Hay hilos convergentes entre los sucesos de 1956, los años ’70 y la última dictadura. Varios de los sobrevivientes de los fusilamientos o sus familiares formaron parte de la Tendencia Revolucionaria del peronismo o de sus organizaciones armadas, como Julio Troxler y los hermanos Lizazo, y fueron asesinados por la dictadura o por una Triple A en la que muchos de sus integrantes también eran peronistas. Hace pocos días fue detenido el comisario mayor de la Bonaerense Juan Fiorillo, que desapareció a Felipe Vallese en 1962. Y ese mismo policía, después integró la Triple A y luego fue colaborador estrecho del genocida Ramón Camps. Los militares que participaron en el golpe del ’55, respaldados por los partidos no peronistas, de izquierda y derecha, protagonizaron la escalada de asonadas y golpes militares que van del ’55 al ’66 y del ’66 al ’76. El peronismo estuvo proscripto 18 años, en tanto los demás partidos aceptaban una especie de democracia tutelada, donde ellos mismos –además de dirigentes peronistas– decidían sus diferencias cruzando contactos en los cuarteles y regimientos. Y los civiles más militaristas eran casi siempre los que más declamaban su republicanismo. Todos los golpes y asonadas militares se hicieron en “resguardo” de la democracia.

En la actualidad la antinomia peronismo-antiperonismo es anacrónica. Ni uno ni otro alcanzan por sí solos para describir o interpelar a una sociedad que afronta otras problemáticas y complejidades. Las corrientes de nuevas mayorías se construyen necesariamente sobre otros contenidos que los atraviesan y contienen. En ese sentido, la cultura va muy por detrás de la realidad, porque mantiene esa mirada hegemónica y caprichosa sobre el pasado a pesar de que tanto en el oficialismo como en la oposición conviven sectores que provienen de ambas puntas de esa antinomia histórica.

Un síntoma de ese retraso en la cultura política es que el recuerdo de los fusilamientos del ’56, al igual que de las víctimas de los bombardeos en Plaza de Mayo, termina encuadrado en ese contexto como un acto peronista o properonista.
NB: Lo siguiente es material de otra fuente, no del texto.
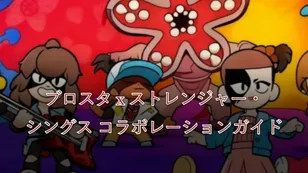 ブロスタ x ストレンジャー・シングス コラボレーションガイド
Es legítimo que la reivindicación de los ideales y principios por los que lucharon los caídos sea tomada por quienes piensan así. Pero hay una tarea ciudadana democrática, no partidista, en el reconocimiento de quienes fueron víctimas de esa masacre como una forma de poner distancia con la intolerancia y el desprecio a la vida que llevaron a justificar la usurpación de instituciones para eliminar a quienes se les oponían. El repudio a los fusilamientos del ’56 no debería ser una acción solamente peronista, sino de la ciudadanía en su conjunto.